In tutte queste tavole il segno grafico funge talora anche da nota fisica che indica il punctum temporis esatto in cui deve avvenire il suono, nonché le differenti modulazioni di gamma che necessariamente lo connotano. E ciò chiama in causa un’altra interessante questione che pongono le ‘scritture vocali’ di Bartolomei, ossia la tensione tra temporalità durativa del codice verbale e temporalità istantuale del codice visivo. Se tale dialettica abita ogni esperienza di illustrazione libraria o, più semplicemente, di compresenza dialogante di parole e immagini sulla pagina, nel caso delle ‘scritture vocali’ interviene una terza componente di temporalità – che condiziona le prime due –, ossia la temporalità cadenzata delle unità ritmico-musicali. Questa terza dimensione temporale da una parte pone limitazioni alle prime due, dall’altra viene da queste trascesa. Anche in questi termini le ‘scritture vocali’ di Bartolomei contribuiscono a colmare la distanza tra l’orale e il visivo. Come ha lucidamente illustrato Achille Bonito Oliva, le esperienze di scrittura visuale – a cui potrebbbero essere ascritte anche le ‘scritture vocali’ di Bartolomei – si caratterizzano per una riconfigurazione iconica del linguaggio che comporta anche la variazione del tempo di contemplazione e percezione del testo, assimilato a quello dell’immagine:
“Un tempo unitario e poggiante sulla simultaneità ed istantaneità, una dimensione unitaria che non prevede più una temporalità che sgocciola lungo la dimensione verticale del verso, ma semmai si contrae nell’attimo della dispersione orizzontale dello spazio tridimensionale”.

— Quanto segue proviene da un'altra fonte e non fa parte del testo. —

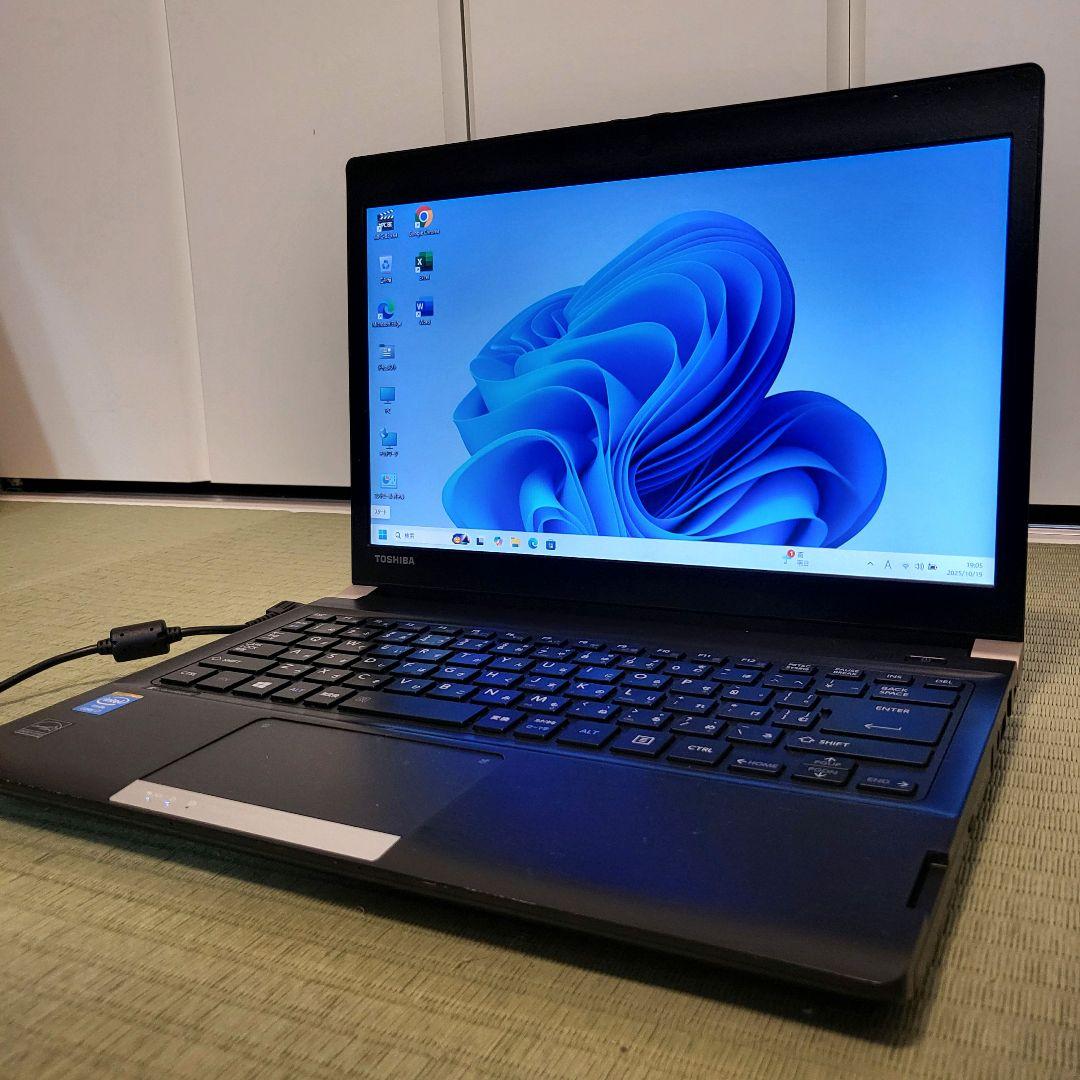 dynabook i7/8GB/SSD256GB Win11 Office認証済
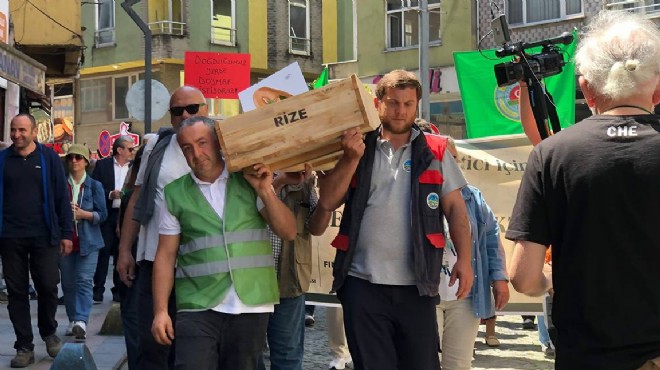 Fiyatlara tepki: Rize de çayın cenazesi kaldırıldı!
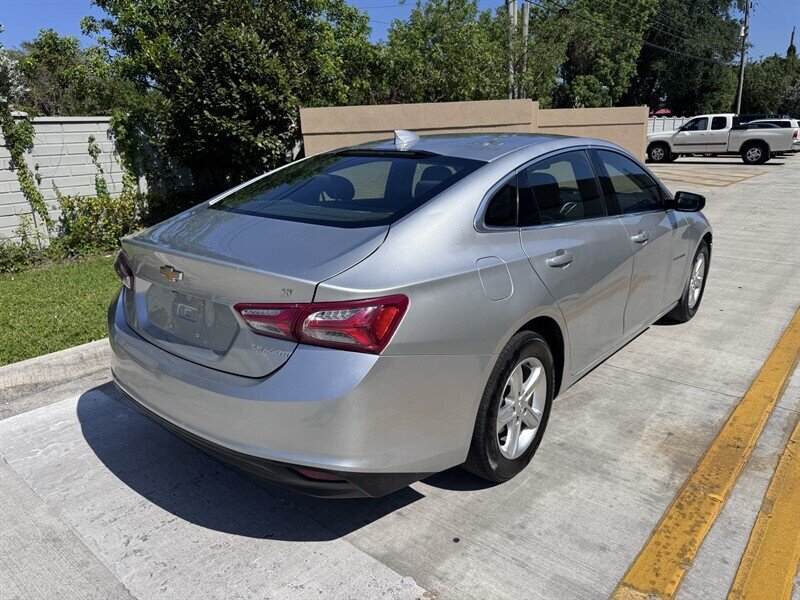 Used 2022 Chevrolet Malibu LT FWD image 5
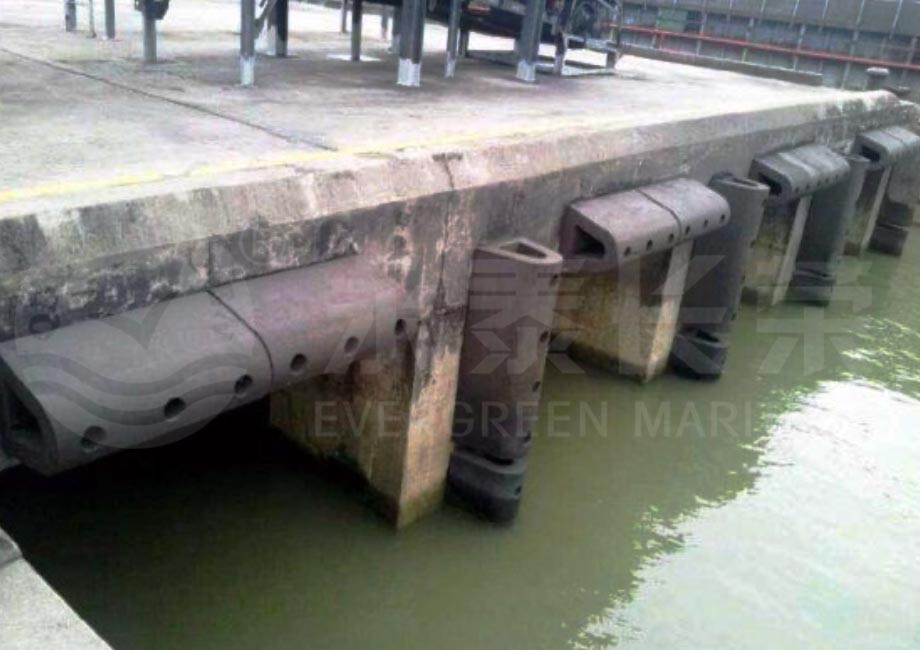 Evergreen-D-type-fenders-installed-at-one-Brazilian-port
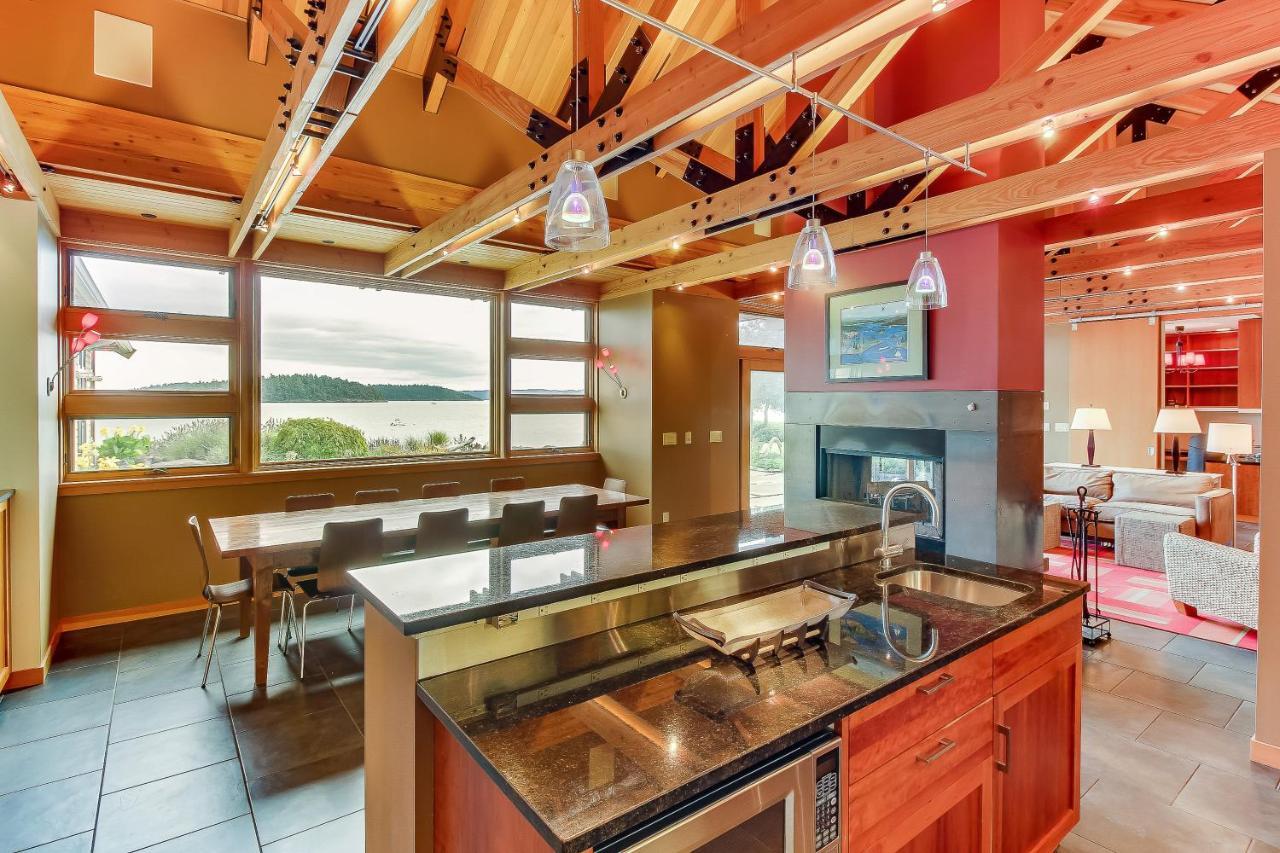 Fidalgo Island Waterfront Stunner Villa Анакортес Екстериор снимка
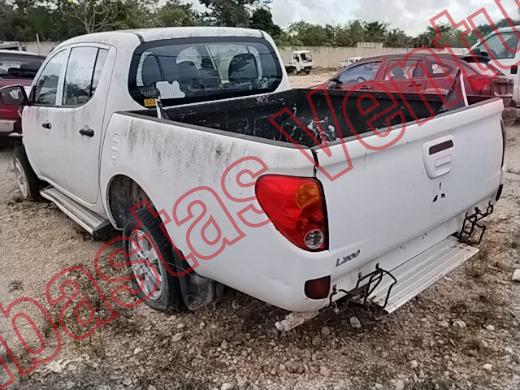 MITSUBISHI L200 2015, foto 7 de 19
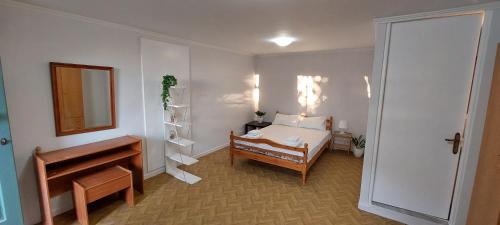 una camera con un letto, uno specchio e un pianoforte di Kerkis Traditional Guesthouse a Drymon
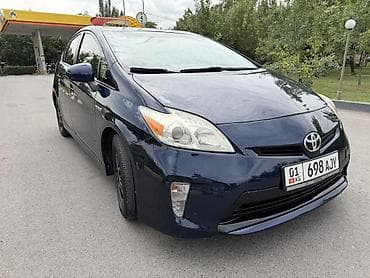 Продажа авто: Toyota Prius: 2015 г., 1.8 л, Автомат, Гибрид, Хэтчбэк — 4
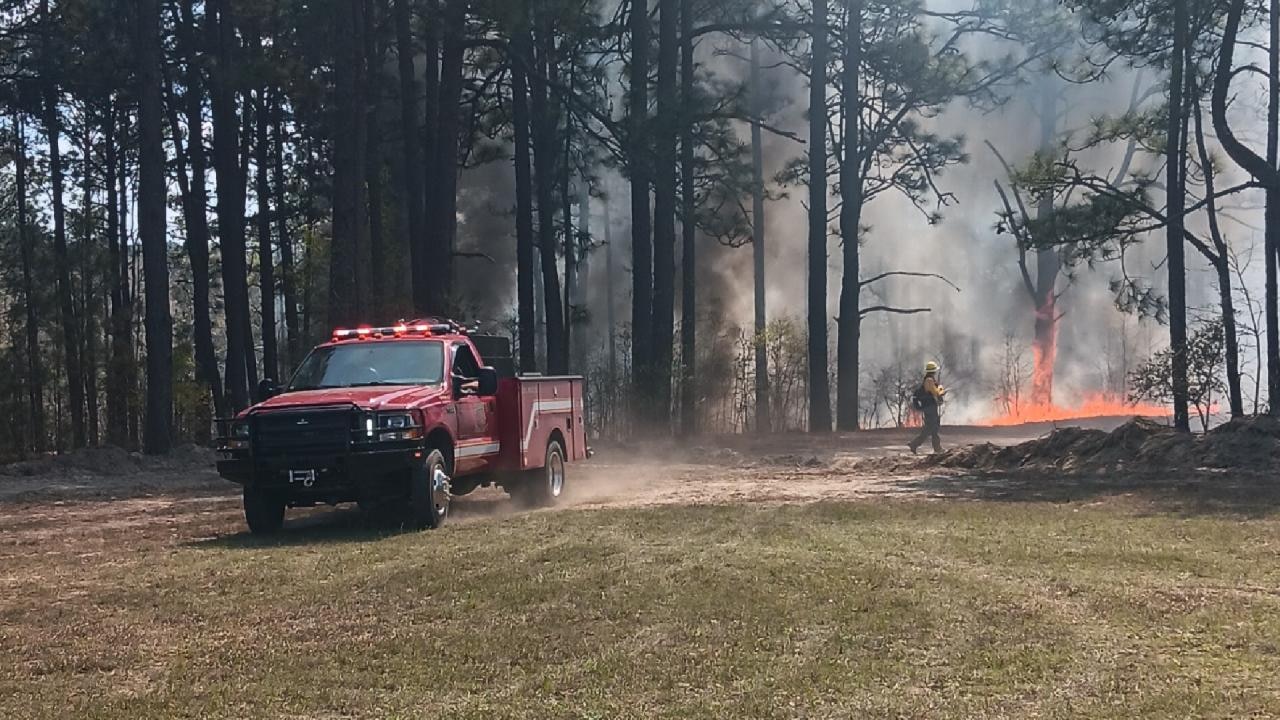 Fire spreading east of Aberdeen near NC-211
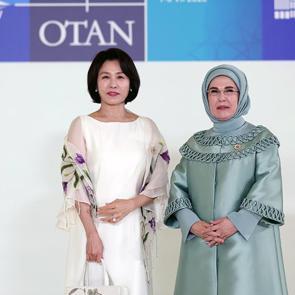 G&uuml;ney Kore First Lady'sinden Emine Erdoğan'a unutulmaz jest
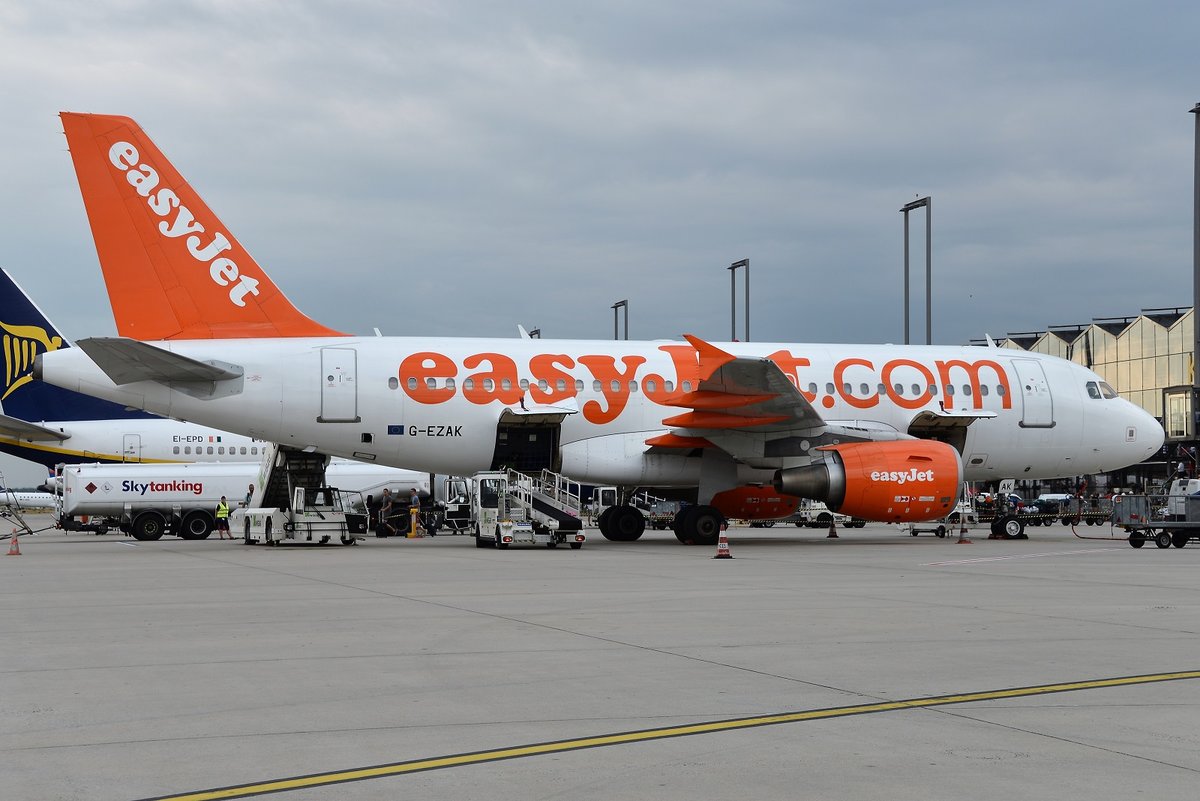 Airbus A319-111 - U2 EZY easyJet - 2744 - G-EZAK - 09.08.2018 - CGN
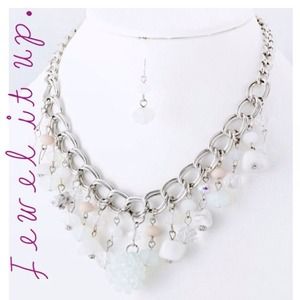 💄REDUCED💄Jeweled Necklace & Earring Set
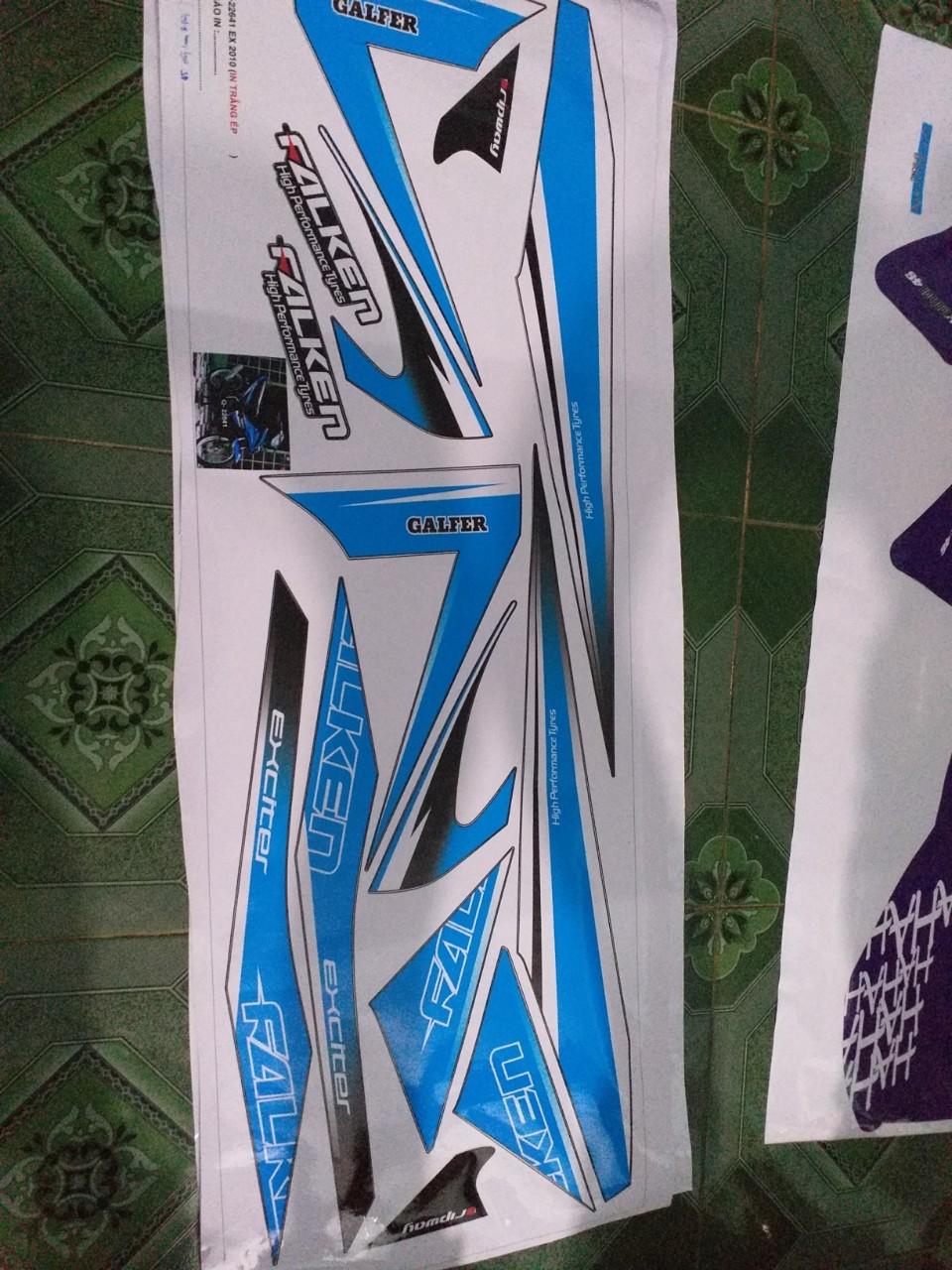 Tem rời dán xe ex 2010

(citato in Allegrini 2014, 37)
Il formato delle ‘scritture vocali’ è nella maggior parte dei casi quello rettangolare. Talora però varia, a evidenziare una più suggestiva convergenza semantica tra il supporto materiale dell’atto di scrittura vocale e la traccia grafica ivi contenuta. Si veda, ad esempio, la tavola di ‘scrittura vocale’ dell’episodio di Farfalletta tratto da E.T.A. Hoffmann, dove si assiste al completo doppiaggio analogico della forma dell’originaria emozione sonora (ossia, il dato naturale) nella forma simbolica della rielaborazione immaginativa, e poi nello spazio fisico offerto alla vocalità [fig. 3].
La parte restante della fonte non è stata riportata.